Patients with lupus endocarditis are treated by rheumatologists. It is extremely difficult to suspect LSE in a person. During auscultation, you can listen to rough systolic noise at the apex of the heart, diastolic noise in the projection of the aortic valve, weakening of the I tone. To prove the presence of lupus endocarditis in a patient, it is necessary to confirm SLE. To do this, an additional examination is carried out, which includes:
- Laboratory tests. Markers of inflammation – leukocytes, ESR and C-reactive protein – were elevated in general and biochemical blood tests. Immunological examination of blood reveals high titers of antinuclear factor, antibodies (AT) to DNA and nucleoproteins. With APS, AT to cardiolipin, phospholipids, beta-glycoprotein are found in the blood. A large amount of protein is found in the urine.

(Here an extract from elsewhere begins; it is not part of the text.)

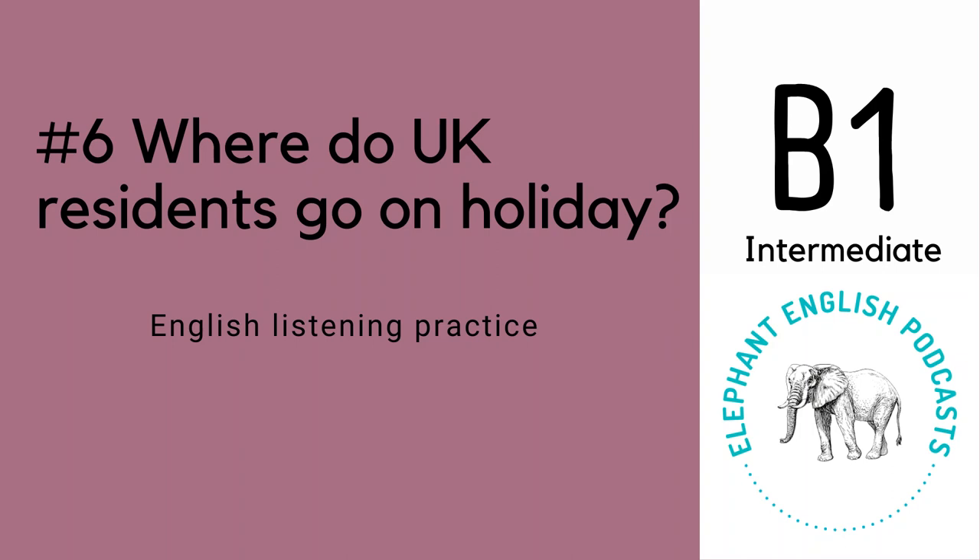It is true though that cheap flights are normally for flights during the low season, like spring or autumn, when not a lot of people usually travel. If you want to book a flight during high season, it is almost always going to be a lot more expensive because there is more demand.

- Instrumental research. Transesophageal echocardiography (EchoCG) is the most reliable method of diagnosing lupus endocarditis. Ultrasound of the heart shows thickening of the valve flaps, mobile vegetation up to 1 mm in size on the valves, their destruction. Sometimes regurgitation (reverse blood flow) and parietal thrombi, effusion in the pericardium (with pericarditis) are determined.
There are special clinical, laboratory and instrumental criteria for lupus erythematosus. At least 4 criteria are necessary for the diagnosis of SLE. If the patient has less than 3 criteria, this makes the presence of lupus endocarditis doubtful. It is very important to distinguish LSE from infectious endocarditis. To do this, a 3-fold bacterial blood culture is performed. LSE also needs to be differentiated with endocardial damage in rheumatic fever and other diseases (fibroelastosis, Leffler syndrome, eosinophilic vasculitis).

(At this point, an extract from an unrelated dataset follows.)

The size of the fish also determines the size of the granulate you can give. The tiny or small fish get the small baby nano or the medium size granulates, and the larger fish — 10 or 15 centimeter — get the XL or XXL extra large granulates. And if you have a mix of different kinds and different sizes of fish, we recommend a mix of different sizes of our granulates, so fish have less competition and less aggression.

Patients with LSE are subject to mandatory hospitalization in the rheumatology department. In a serious condition of the patient, methods of extracorporeal blood purification – plasmapheresis, double filtration, cryofiltration – are used to remove autoantibodies and immune complexes from the blood that damage internal organs. In case of massive damage to the valve apparatus, surgical operation is required – valvuloplasty or prosthetics. Drug treatment is carried out according to the same principles as for lupus erythematosus and antiphospholipid syndrome:
- Anti-inflammatory therapy. The basis of therapy is drugs that suppress the inflammatory process. These include synthetic antimalarial aminoquinoline agents (chloroquine, hydroxychloroquine), glucocorticosteroids (prednisolone, methylprednisolone), immunosuppressants (cyclophosphamide, azathioprine). If they are ineffective, monoclonal antibodies are used.
- Anticoagulation therapy. Antiplatelet agents are prescribed to prevent thrombosis. If the patient had at least one episode of venous or arterial thrombosis, anticoagulants are added to the treatment – low molecular weight heparins, vitamin K antagonists, thrombin inhibitors. In case of resistance to standard therapy, human immunoglobulin is administered.
Prognosis and prevention
Libman-Sacks endocarditis is a relatively benign pathology. Adverse consequences in the form of death are caused by a high degree of SLE activity and thromboembolism in antiphospholipid syndrome. Since the cause of both lupus endocarditis and lupus erythematosus is unknown, no methods of primary prevention have been developed. Patients suffering from systemic lupus erythematosus should consult a doctor before immunization and starting taking oral contraceptives, since estrogens and some vaccines can provoke an exacerbation of lupus.